In spring, I covered the tipi with plastic to protect the cucumber sprouts from the cold and the wind -- and the marmots. I should have done it sooner, before a bunch of the sprouts got eaten... there is always more protection to install than I can keep up with.
The shelter really came in handy when Fawn and I got caught in a downpour!
It was raining cats and dogs, but we were cozy with the cucumbers.
Above is the one start that I grew inside the house this year, a much-needed backup plan for my direct seed experiment (below).
The direct seeding was a feasible trial in terms of temperature and timing, but a drawback I hadn't considered was vulnerability to wildlife. Indoor starts have an advantage in that department, being away from marmots during their most tender stage.

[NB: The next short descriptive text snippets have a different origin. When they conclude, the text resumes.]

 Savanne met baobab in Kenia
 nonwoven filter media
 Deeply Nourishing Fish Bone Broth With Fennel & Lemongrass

A great place to ride out the storm!
The spiral is the heavy gauge trellis wire I installed,
featured in Cucumber Tipi Part 2.
When my sprouts got eaten (before the plastic went up), I wondered if all this preparation would result in a live tipi after all. Then I experienced another serendipitous provision: my friend Harris said that he had some extra Armenian cucumber starts -- ones he did not need! He offered them to me, and I felt like the luckiest garden lady around, driving home that day with those green beauties at my side. Above, you can see them freshly planted in the ground.
While planting the new starts, I noticed a plethora of earthworms in every shovel full. In a garden that had absolutely no worms in the beginning, it has been really fun to see them proliferate. They particularly liked the alpaca manure I laid down on the tipi floor, under the cardboard, in Cucumber Tipi Part 1. There is nothing like manure and cardboard to make earthworms happy.

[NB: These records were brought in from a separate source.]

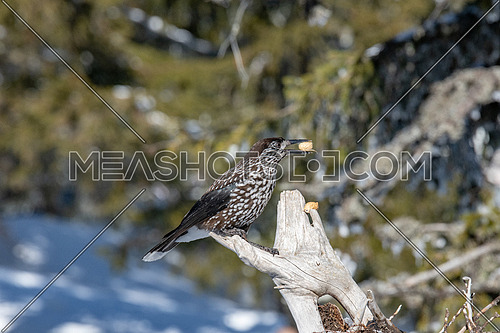 Spotted Nutcracker (Nucifraga caryocatactes) in winter forest.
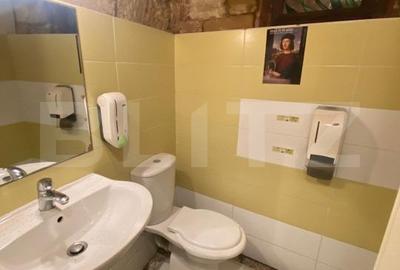 Casa cu 8 camere, 315 mp utili, pentru clinica, birou sau local, ultracentral! - 10
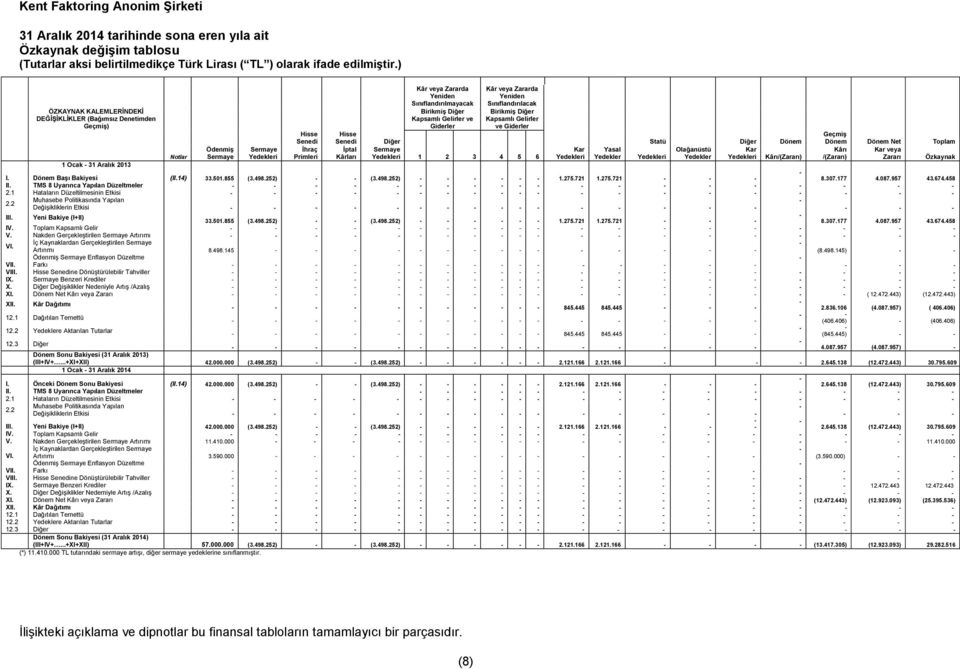 Sınıflandırılacak Birikmiş Diğer Kapsamlı Gelirler ve Giderler Hisse Senedi Hisse Senedi Diğer Statü Diğer Dönem Geçmiş Dönem Dönem Net Toplam Notlar Ödenmiş Sermaye Sermaye Yedekleri İhraç Primleri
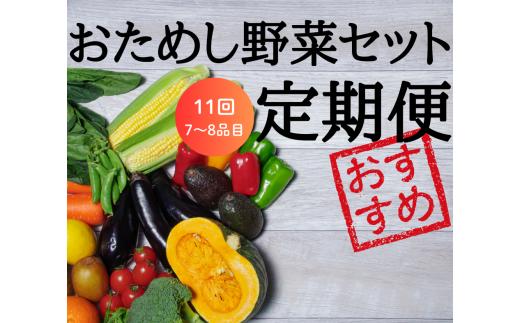【定期便11回】注文が来てから収穫発送！収穫したばかりの新鮮野菜セットお試しコース 《7～8品》  季節のお野菜 おまかせ お楽しみ 獲れたて産地直送 旬 春野菜 ベジタブル ヘルシー 健康 詰め合わせ 一関市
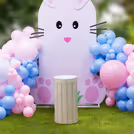 Double colour balloon arches arranged in a cascading style to enhance the fun element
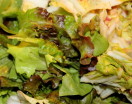 Insalata in sfoglia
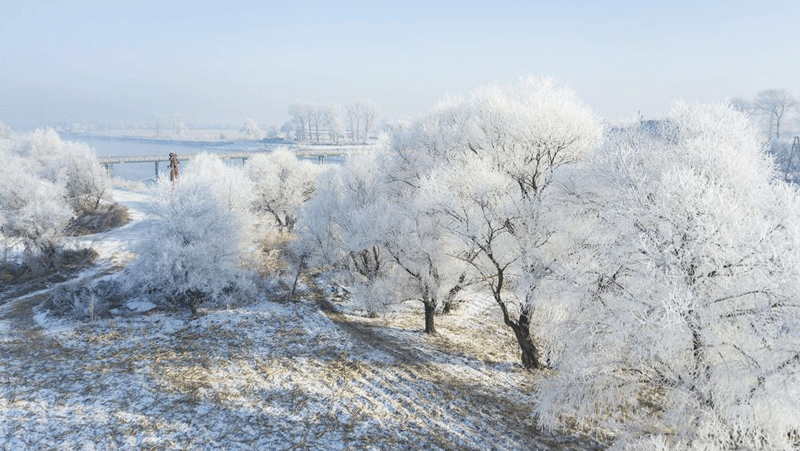 Gorgeous rime scenery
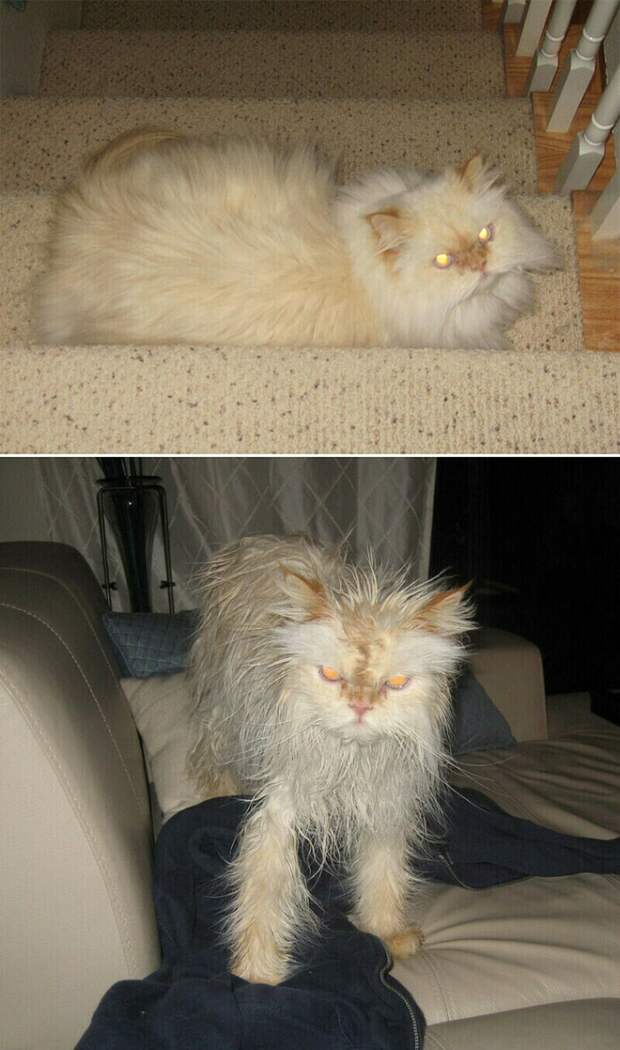 Смешные фото о том, как выглядят коты до и после купания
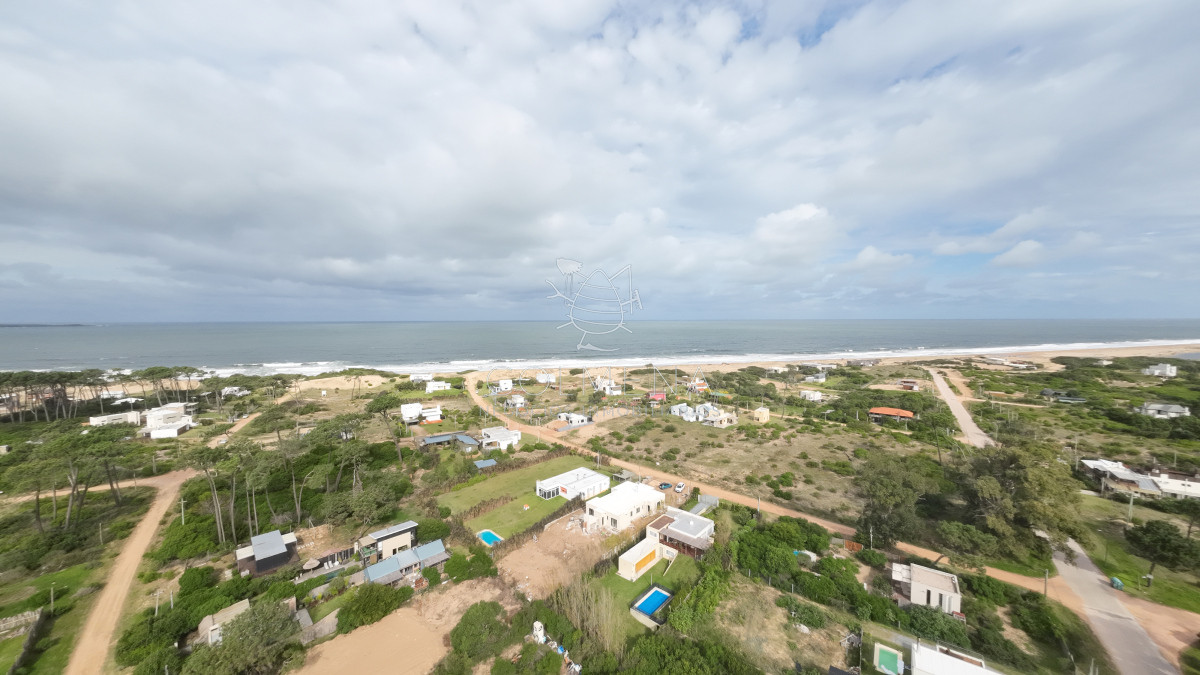 Chihuahua - GoPunta - Portal Inmobiliario de Punta del Este - Maldonado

These starts made my heart soar -- a second chance!
When we entered a record-breaking heatwave at the end of June, I knew the plastic would have to go. Walking into the tipi was like walking into an oven.
I pulled the plastic back, and as much as I wanted to leave it open, I didn't want to lose my second round of plants. I put sheer fabric up to make the plants less obvious to marmots passing by. (left two photos: July 2nd; right: July 19th)
Above right: Fawn and her friends, looking for cucumbers on July 16th.
From flowers to food...
At last our favorite garden snack begins to form!
It's a dream come true. A cucumber tipi that you can enter to escape the sun's heat, and to munch on the crispy cool goodness of summer's bounty.